LA Times: Carona Sentence Recommendation is 78 Months Behind Bars

The LA Times reports today that disgraced and convicted felon ex-sheriff Mike Carona might be looking at more than six years behind bars if the judge follows the probation office sentencing guidelines.

This detail was revealed in a footnote in court documents filed yesterday.  From the story:

The probation report has been sealed. But the recommendation that Carona serve 78 months in federal prison was revealed in a footnote of a motion filed by prosecutors in response to attempts by Carona’s attorneys to have the conviction thrown out.

Carona was convicted of one count of felony witness tampering in January and acquitted of five other felony charges related to allegations that he misused the powers of his office to enrich himself and others, including his wife and a longtime mistress.

The witness tampering charge relates to Carona’s attempts to have former Assistant Sheriff Don Haidl lie to a grand jury that was investigating the sheriff’s administration.

  7 comments for “LA Times: Carona Sentence Recommendation is 78 Months Behind Bars

  1. rlh
    March 24, 2009 at 5:38 pm

    It doesn’t surprise me that the government wants to put Carona away for as long as possible – they’ve spent enough time and money on it by now that they’re fairly vested. It also, sadly, doesn’t surprise me that they’d sneak the gist of a supposedly sealed report into a footnote on a publcly available document. Ooops, was THAT supposed to stay secret? My bad . . .

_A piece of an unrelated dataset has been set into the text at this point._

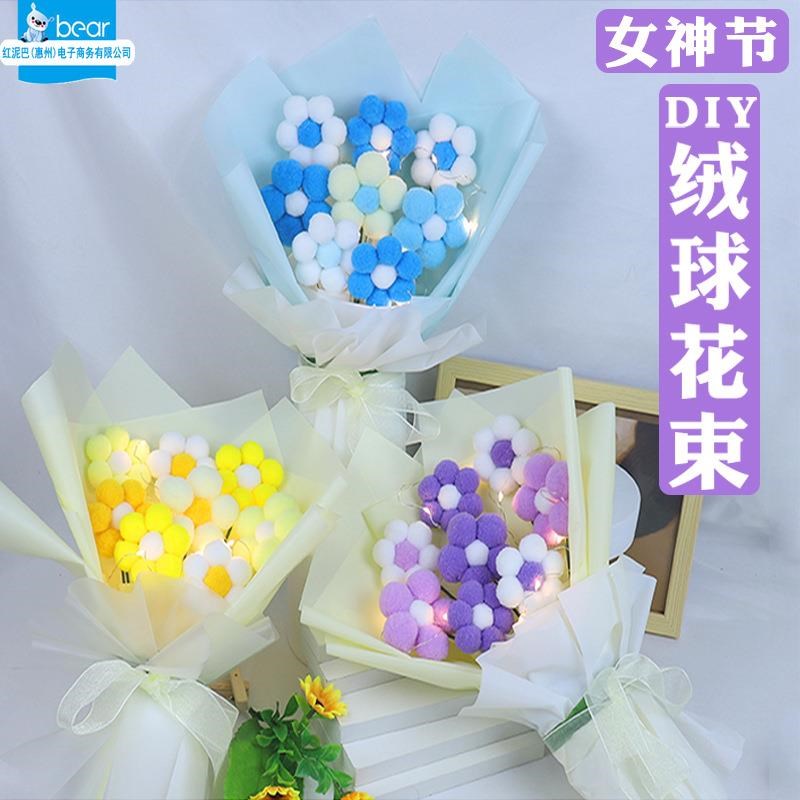 厂家儿童dciy毛绒球花束 女神节幼儿园手工制作创意材料包礼物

    Mind you, I have no affection for a human cootie like Mike Carona. But the (perhaps sad) fact is that a jury exonerated him of most of the really serious charges against him. The witness tampering charge he got nailed on is relatively minor. It takes real nerve (to say the least) to claim that such an offense calls for more than six years behibnd bars. One reason the trial wound up so poorly for the government was its overreaching; it seems history is repeating itself.

  2. R. Scott Moxley
    March 24, 2009 at 9:52 pm

    Dear RLH,

    If you think premeditated attempts by a sitting California sheriff to sabotage a federal grand jury investigating bribery and other corruption inside the Orange County Sheriff’s Department is “relatively minor,” well, then, it’s a good thing you’re not brave enough to tie your identity to your nonsense.

    As far as you alleging “real nerve” misconduct by the federal prosecutors because they noted the federal probation report sentencing recommendation for the disgraced ex-sheriff, well, then, once again, you reveal you’re either disingenuous or frighteningly misinformed.

  3. Paul Lucas
    March 24, 2009 at 11:17 pm

    I find it ironic that he was found guilty of trying to cover up, and will spend time for a crime he was acquitted of.

  4. March 25, 2009 at 12:00 am


    I presume you wrote your comment incorrectly. Carona was convicted of witness tampering by the jury. Whatever his sentence is, he will be spending time in prison for that and not the other crimes alleged.

    It is a bit ironic that he was convicted of trying to cover up crimes that he was not convicted of. Kind of like Al Capone; convicted of tax evasion and not for the criminal activities the he got his money from.

    Of course, Carona going to jail is still not a foregone conclusion. He could always have his conviction thrown out on appeal.

  5. rlh
    March 25, 2009 at 10:50 am

    It’s never fun to step into the “we hate Carona with the heat of a thousand suns” furnace, I guess.

    Mr. Moxley, compared to the offenses he was charged with (and which I, as an outsider who didn’t hear the testimony, believe he was eminently guilty of), the witness tampering charge is indeed relatively (note the adverb) minor. Mr. Prevatt is right that there’s a bitter (for Carona at least) irony in his being convicted for covering up crimes he’s not guilty of (sez the jury at least). I’m no criminal lawyer, but I have worries about whether he can get out of the conviction on exactly those grounds – it seems that a predicate element of the offense is lacking. That, however, I’ll leave to wiser heads than I.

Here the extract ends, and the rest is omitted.